# Shootings here, there, everywhere!



## Lexus (Jan 19, 2005)

For those of you who follow the news I am sure you have noticed the numerous shootings that have been occuring. There have been 4 alone in WI in the past 2 months and the recent nation-wide covered courthouse shootings. What is going on here! Maybe the world is ending with all the caos going on.


----------



## maxpayne_lhp (Jan 19, 2005)

Yeah, you're right!
At least here in Vietnam, everything's safe.


----------



## fishouttawater (Mar 4, 2005)

I think a lot of it has to do with Seasonal Depression, and the post-holiday debts. Causes way too much stress for people. Happens a lot around this time of year. Very unfortunate for victims and their families.


----------



## aquariumfishguy (Jan 18, 2005)

I don't buy that.

Sorry but if you kill someone, you kill them. There is no valid excuse, and I am of the opinion that if you have it in you to randomly kill people, it doesn't matter one bit in the least why you're doing it. 'Stress' doesn't make rational people kill other strangers.


----------



## Lydia (Feb 6, 2005)

i agree with aquariumfishguy


----------



## fishouttawater (Mar 4, 2005)

Wasn't giving them an "excuse", but happy and content people don't kill other people.


----------



## Guest (Mar 14, 2005)

i agree with aquariumfishguy. theres no excuse for murder


----------



## guppyart (Jan 22, 2005)

up here in canada we have had several shootings
up in montreal lake there was a shooting.
and 4 mounted police where just slaughtered by some phsyco that had landmined his yard he shot them down as if they where cardboard one of the officers was on his dayoff but they called him in one was just engaged or married I can't remeber which but the flags have been flying half mast


----------



## Damon (Jan 18, 2005)

There are ver few days that go by without a shooting on our local news here in dayton ohio.


----------



## Lydia (Feb 6, 2005)

almost every day i hear about a shooting around here


----------



## aquariumfishguy (Jan 18, 2005)

fishouttawater- You said, "Happens a lot around this time of year".

It happens a lot throughout the whole year. And if you weren't offering an excuse, I can see that... but why people kill others cannot be wrapped up with one single issue, or one stress factor.
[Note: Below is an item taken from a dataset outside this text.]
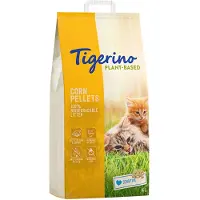 Tigerino 14l Plant-Based maissi sensitive hajusteeton kissanhiekka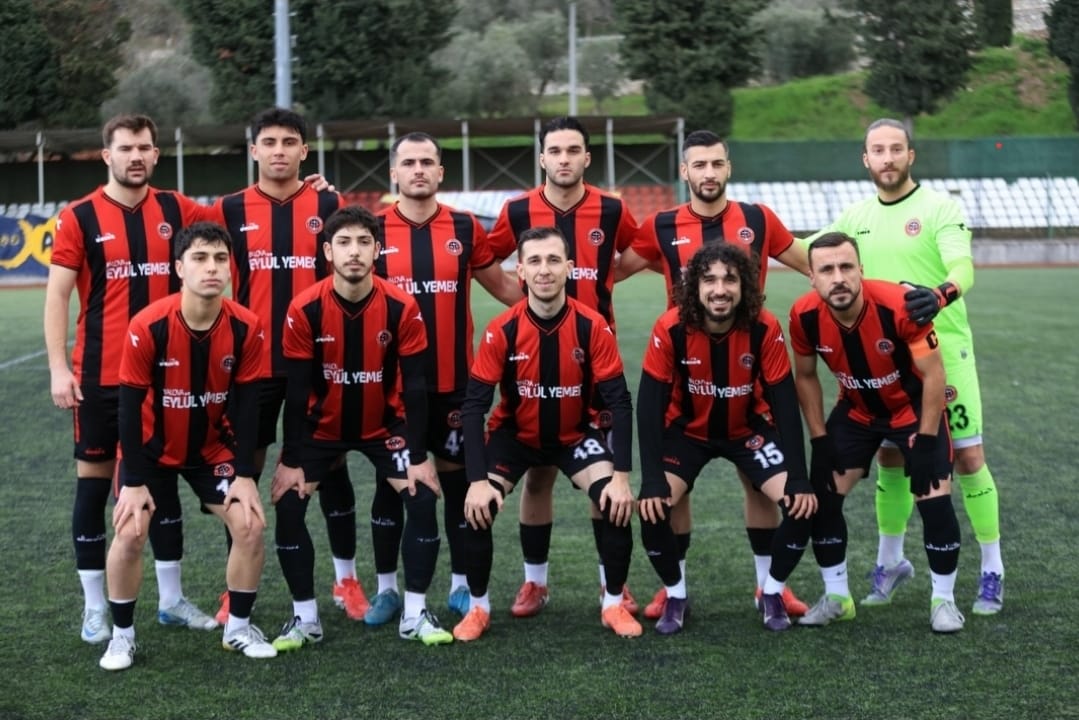 Kullar Fırtınası Ereğlispor’a Geçit Yok! (6)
As I said, you either have the chemical makeup (mix up?) in your body to kill someone, or you do not. Surely, someone who randomly kills other people isn’t happy. I can agree to that. But general 'sadness' isn't likely to go away in this world, so that’s why I said it doesn't fly with me.


----------



## aquariumfishguy (Jan 18, 2005)

PS: I wasn't addressing those who kill in self-defense or whatnot. That is clearly not a "murderer", nor should those vulnerable people forced to kill in self defense be considered mentally damaged.


----------